By Alexia Cafetzis
The Israeli armed forces launched new aerial bombardments overnight in Rafah, in the southern part of the Gaza Strip, an AFP journalist reported, while complex talks continue in Cairo with the aim of declaring a second truce between Israel and Hamas in the small enclave.
At a time when 2.2 million residents of Gaza, the vast majority of the enclave's population, are threatened with starvation, according to the UN, humanitarian aid organizations have denounced the bombing of their facilities.
During the night, the Israeli Air Force launched approximately ten bombing raids on Rafah, with no casualty reports reported so far.
Rafah is the “last stronghold” of Hamas, according to Israeli Prime Minister Benjamin Netanyahu, who says he is determined, despite international protests, to order an assault on the city to “defeat” the Palestinian Islamist movement and free the remaining hostages.
Almost 1.5 million Palestinians, according to the UN, or more than half the enclave's population (2.4 million), have taken refuge in Rafah, in closed borders with Egypt.
US President Joe Biden's adviser on the Middle East, Brett McGurk, is expected in Israel today, after the stop he made in Egypt for new talks on the truce.
“We want to reach an agreement (…) as quickly as possible,” State Department spokesman Matthew Miller told the press.
Yesterday in Cairo, Qatar-based Hamas leader Ismail Haniya was expected to hold talks with Egypt's intelligence chief, Abbas Kamal, about the “first phase” of a plan drawn up in January, an AFP source in Hamas said from Gaza.
The plan calls for a six-week truce, an exchange of hostages with Palestinian prisoners in Israel and more humanitarian aid entering the enclave.

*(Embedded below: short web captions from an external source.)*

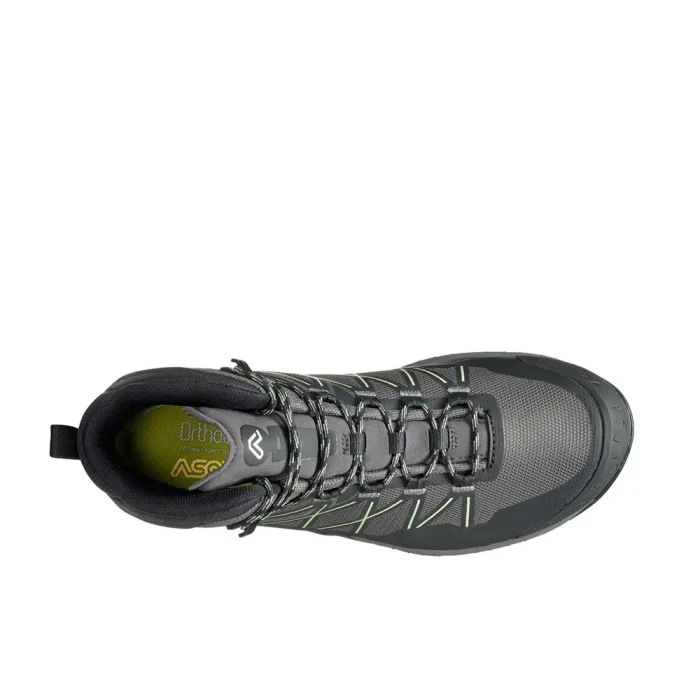 エル・トポ('69米/メキシコ) タホ MID GTX Women's｜モンベル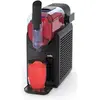 Wilfa Icy Slush, Production de glace, Noir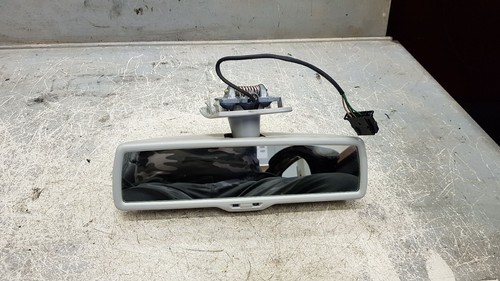 Innenspiegel Rückspiegel Selbst Abblendent Ambientelicht VW 1 T Touran 2.0 TDI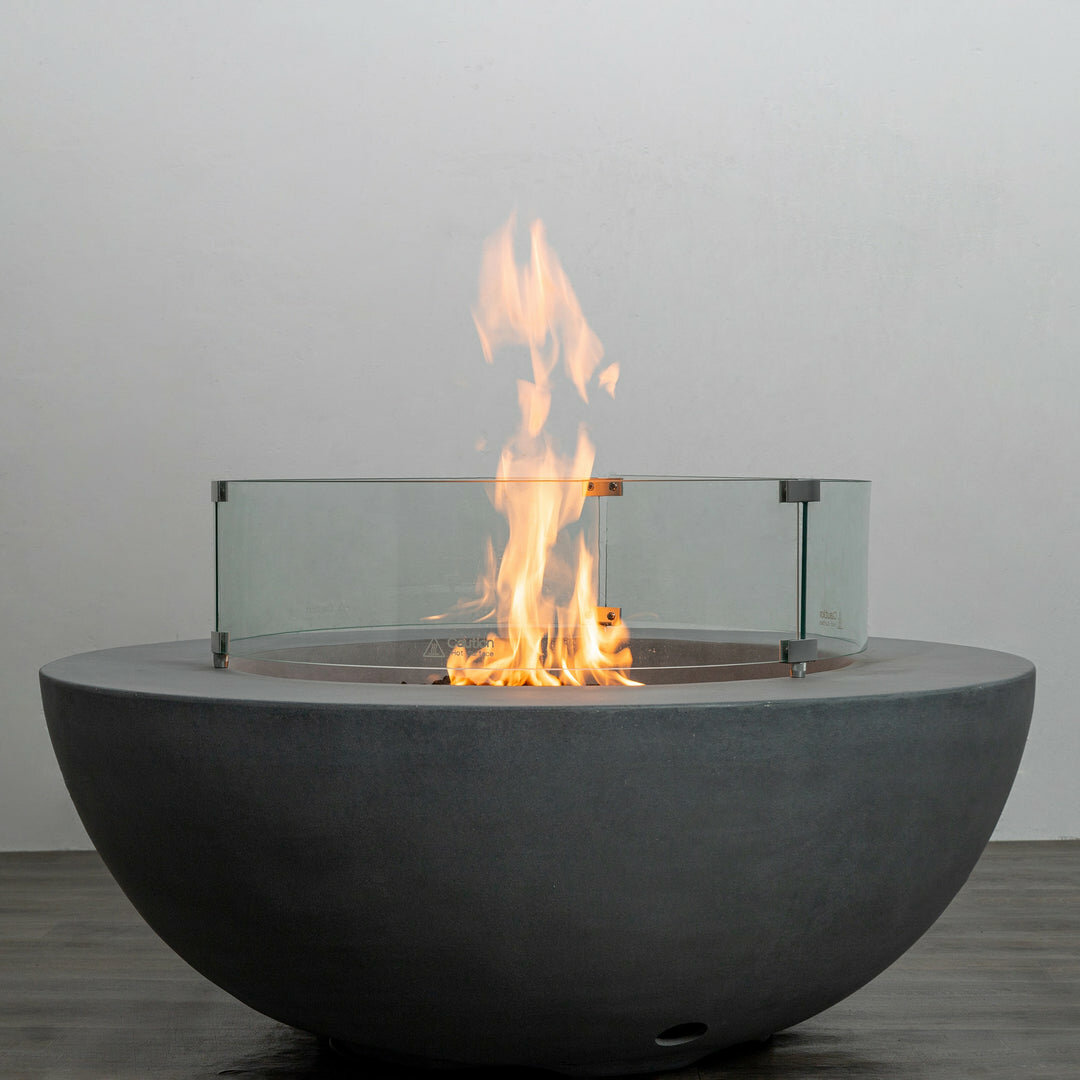 Benton fire pit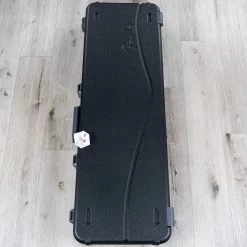 Fender American Professional II Left-Handed Jazz Bass, Rosewood Fretboard, 3-Color Sunburst -Musical Instrument Store 20210917 dsc02783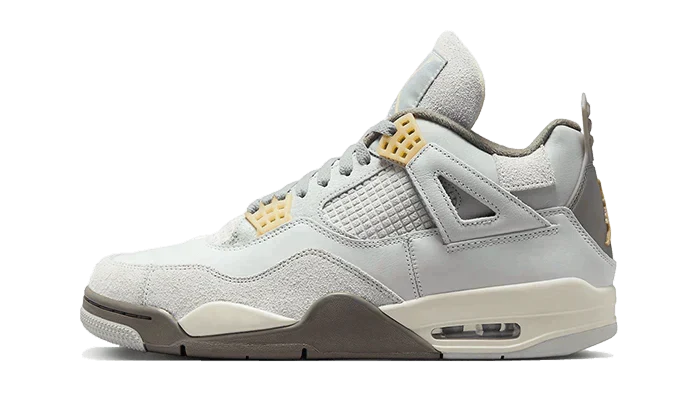 Air Jordan 4 SE Craft Photon Dust - DV3742-021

Hamas wants a ceasefire, the withdrawal of Israeli troops from the Gaza Strip, the lifting of the Israeli blockade and safe haven for the hundreds of thousands of civilians displaced by the war. Israel, for its part, declares that the war will continue until Hamas is eliminated and all the hostages are returned.
Sexual violence
According to Israeli sources, more than 130 Israeli hostages remain in the hands of Hamas in the Gaza Strip, but an army spokesman recently said that at least 31 of them are believed to be dead, out of about 250 abducted on October 7.
On that day, Hamas' military arm launched an unprecedented attack on southern Israel, killing more than 1,160 people, mostly civilians, according to an AFP tally based on official Israeli data.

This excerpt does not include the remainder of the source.